Proposal for of Simons Observatory Data Products

data
Published

December 5, 2024

License

CC BY 4.0 only requiring attribution and not restricting commercial use or remixes.

Attribution

We would like people that use a public dataset to be able to properly attribute the work to the SO Collaboration. If there is a related paper, clearly this should be cited, but this does not necessarily appropriately credit everyone who worked on the infrastructure for producing this open data.

Cite a paper

Traditionally attribution is achieved by asking people to cite a specific paper, while this works well with Academia rewarding paper citations, if anyone joins the collaboration after publication of the referenced paper, they would not receive proper recognition. Moreover, some data products do not have a specific paper to refer to. Finally, given the large quantity of data that (A)SO plans to release on short timescales, there may not be a specific paper that is relevant for a particular data product.

Publishing a paper takes a lot of time, especially in a large collaboration which does a first round of internal review, therefore an author list is often obsolete by the time the paper is out. Moreover, papers on a specific topic might be spaced by 1 or 2 years and all data products published between those releases would reference an obsolete author list.

DOI for each dataset

This is the most straighforward use of DOIs, and it is how Zenodo or Figshare work, each dataset (not necessarily each data product, but each data release) is assigned a DOI.

UCSD offers a DOI service which is free to use and has API can that be used to mint DOIs for datasets programmatically within our data release pipeline.

This works well for identifying the data source but (possibly) dilutes citations. It depends a lot on the data release cycle, if data releases are rare, then this could work, each dataset has as authors the people contributing to that release.

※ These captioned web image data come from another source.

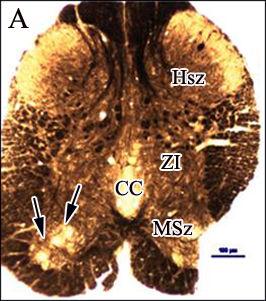 2. ábra. Ozmimummal kezelt Vibratóm metszetek a CM cranialis (A), középsı (B) és caudalis részébıl (C). A szürkeállomány részei: hátsó szarv (Hsz), zona intermedia (ZI) és mellsı szarv (Msz).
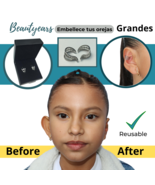 Protruding ear corrector EARCLIC - $50.00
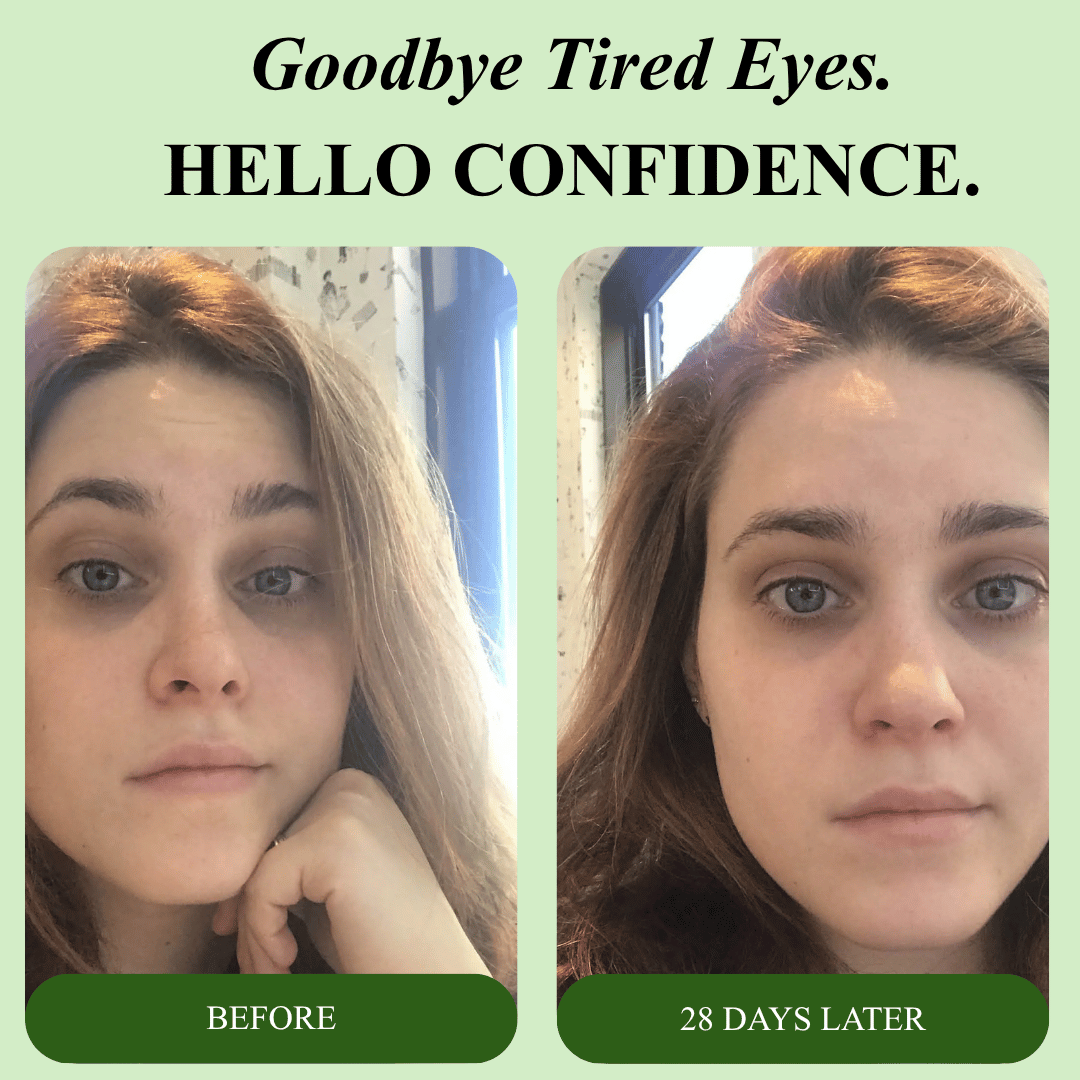 Bio-Collagen Aloe Vera Eye Patches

Being all based on automated tools, in this case we also need a service (HTTP API) that automatically keeps track of the author list, so that the data release pipeline can query this service and get back the correct list of people to be added to a DOI based on the current status of the collaboration, the type of data product, and the time of the release. This service implements in software all the policies that we decide on how to assign authorship to a data product.

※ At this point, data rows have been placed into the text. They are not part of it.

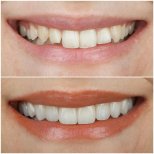 Before and after veneers at ÜMRAN TIP MERKEZİ – smile makeover with natural-looking results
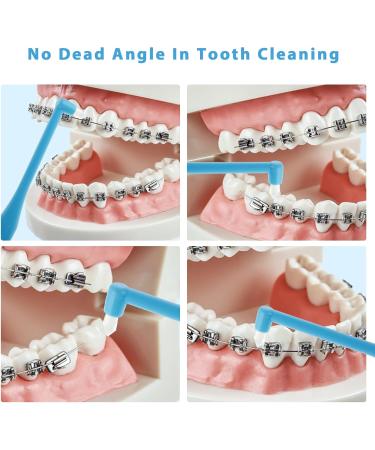 TIESOME Single End Tufted Toothbrush | 5 Pcs Interdental Tooth Cleaner for Orthodontic Detail | Tapered Trim for Precision Cleaning - Buy Online on GoSupps.com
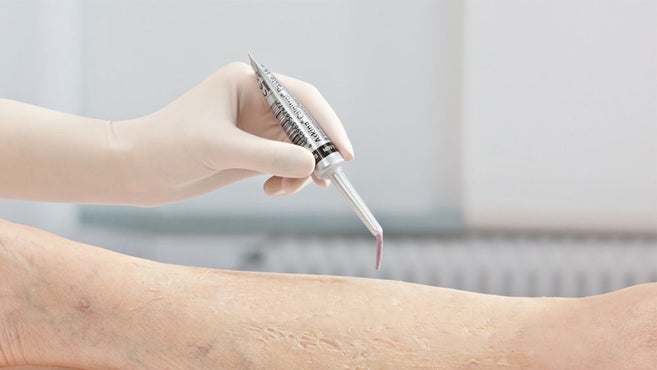 Askina Calgitrol Paste kleine 15-g-Tube in einer Hand mit Untersuchungshandschuhen, die auf ein menschliches Bein aufgetragen wird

Examples of data products:

  • Occasional data release, e.g. once every few months, this could be either simulations or real data or results of some analysis. This is straightforward, we mint a single DOI for the release with the full member list at the time of the release. This doesn’t need to be completely automated, there could be a manual step where the membership list got from the automated service is merged with external collaborators and then the DOI is minted.
  • Daily products, for example maps, in this case a single DOI per day would make it difficult to aggregate citations, it would be best to create a hierarchical DOI, with a canonical DOI “Simons Observatory Daily Maps” and a DOI for each month which is minted at the beginning of the month, and then data added to it. In this way we could coalesce citations for all the maps under the single canonical DOI.

See for example LIGO, for a data release they both have a page on their website with a DOI https://gwosc.org/eventapi/html/O4_Discovery_Papers/GW230529_181500/v1/ and then they have additional (smaller I guess) data products on Zenodo with another DOI.

Timed DOI for the SO collaboration

This is an uncommon use of DOIs, the idea is that instead of having DOIs pointing to a specific dataset, the DOI is basically tracking the current members of the collaboration.

First we create a DOI for the “Data produced by Simons Observatory” which is the canonical DOI which ideally points to all data ever published by the collaboration. Then we use the DOI versioning system to create new DOIs regularly, for example every quarter or every 6 months which points to a single URL which collects all data produced in that period, therefore the meaning of a DOI would be for example “Data produced by Simons Observatory between January and March 2025”. We can create the DOI in advance and then add the data to it as it is produced. So both data releases and daily products would be added to this DOI. If necessary, metadata of the DOI can be modified, so if we want to add a new member to the doi, we can do that.

Again, it would be best to have the management of authorship automated, and build a service that runs periodically to mint a new DOI and keep it up to date with the current membership list.

One weakness of this system is that it is not clear how to handle an outside member that collaborates just for a single product. In that case, if they are added to the DOI, they would be authors of all data products produced in that time-frame.